Note that the difference between the actual proportion found ($0.64$) and the bound established by Chebyshev's Theorem ($1 - 1/1.1^2 \doteq 0.1736$) is surprisingly large.

One might wonder how much lower one can make the actual proportion (and thus get closer to Chebyshev's bound), if you limit yourself to adding only a single value to the data set.

To this end, you run the following code:

proportion.with.extra.value = function(extra.val) {
  proportion.within.k.std.dev.of.mean(c(data,extra.val),1.1)
} 

min(sapply(1:100,proportion.with.extra.value))

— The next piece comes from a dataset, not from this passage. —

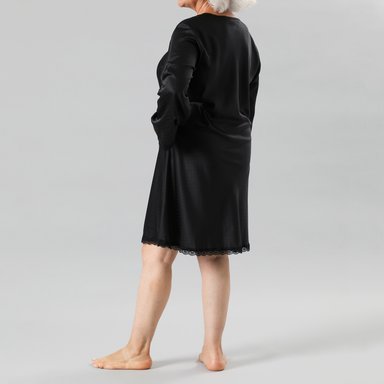 CAMISOLA MUJER FLORES NEGRO 33248 AMARRA SATIN JACQUARD M LARGA - 2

Rounded to the nearest thousandth, what minimum proportion results?

proportion.within.k.std.dev.of.mean = function(sample.data,k) {
  s = sd(sample.data)
  x.bar = mean(sample.data)
  return(sum((sample.data > x.bar - k*s) & 
             (sample.data < x.bar + k*s))/length(sample.data))
}

data = ...

proportion.within.k.std.dev.of.mean(data,1.1)

proportion.with.extra.value = function(extra.val) {
  proportion.within.k.std.dev.of.mean(c(data,extra.val),1.1)
} 

min(sapply(1:100,proportion.with.extra.value))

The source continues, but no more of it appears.